_Task objective_
A line below contains "Max Mara Max", and a later one contains "Did Congress Wake Up Too Late In Goa? Did". Repeat both, with every line between them, exactly.

[Supplied data — start]

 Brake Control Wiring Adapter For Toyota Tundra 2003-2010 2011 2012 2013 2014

[Supplied data — finish]
[Supplied data — start]

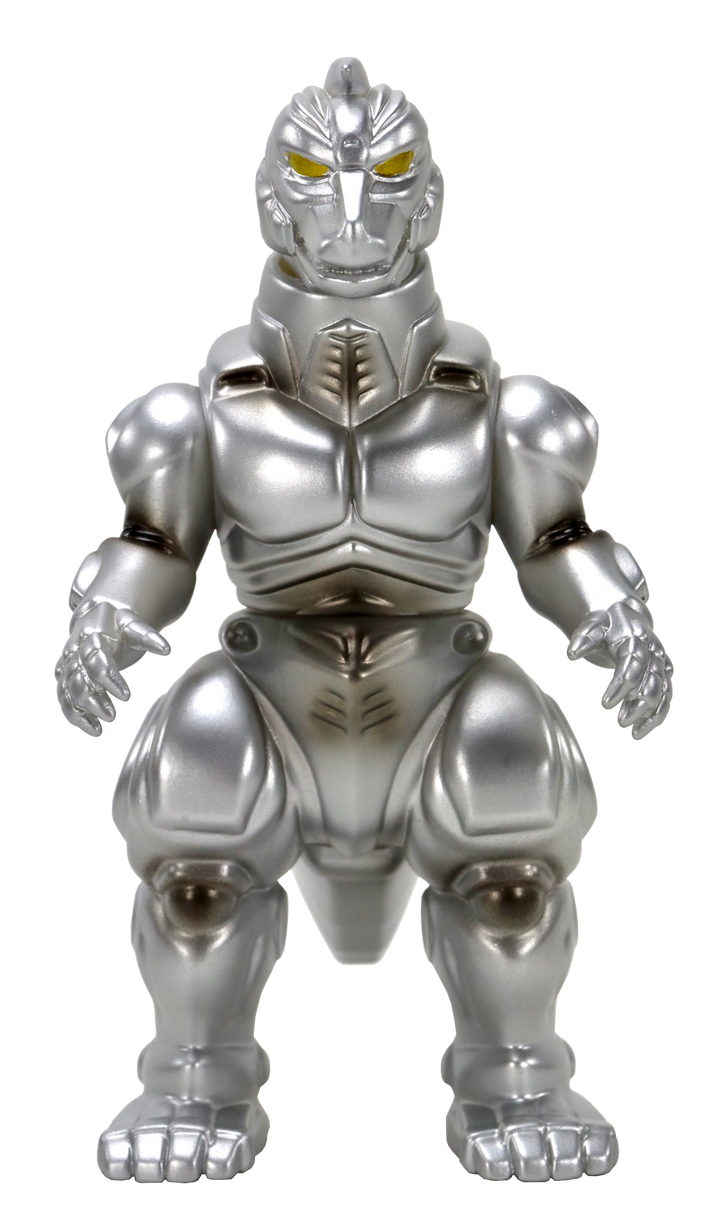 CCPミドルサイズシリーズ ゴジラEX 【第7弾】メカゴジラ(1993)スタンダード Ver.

[Supplied data — finish]
[Supplied data — start]

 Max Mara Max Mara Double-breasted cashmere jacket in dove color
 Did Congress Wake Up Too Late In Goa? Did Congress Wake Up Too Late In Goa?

[Supplied data — finish]

_Answer for the task_
 Max Mara Max Mara Double-breasted cashmere jacket in dove color
 Did Congress Wake Up Too Late In Goa? Did Congress Wake Up Too Late In Goa?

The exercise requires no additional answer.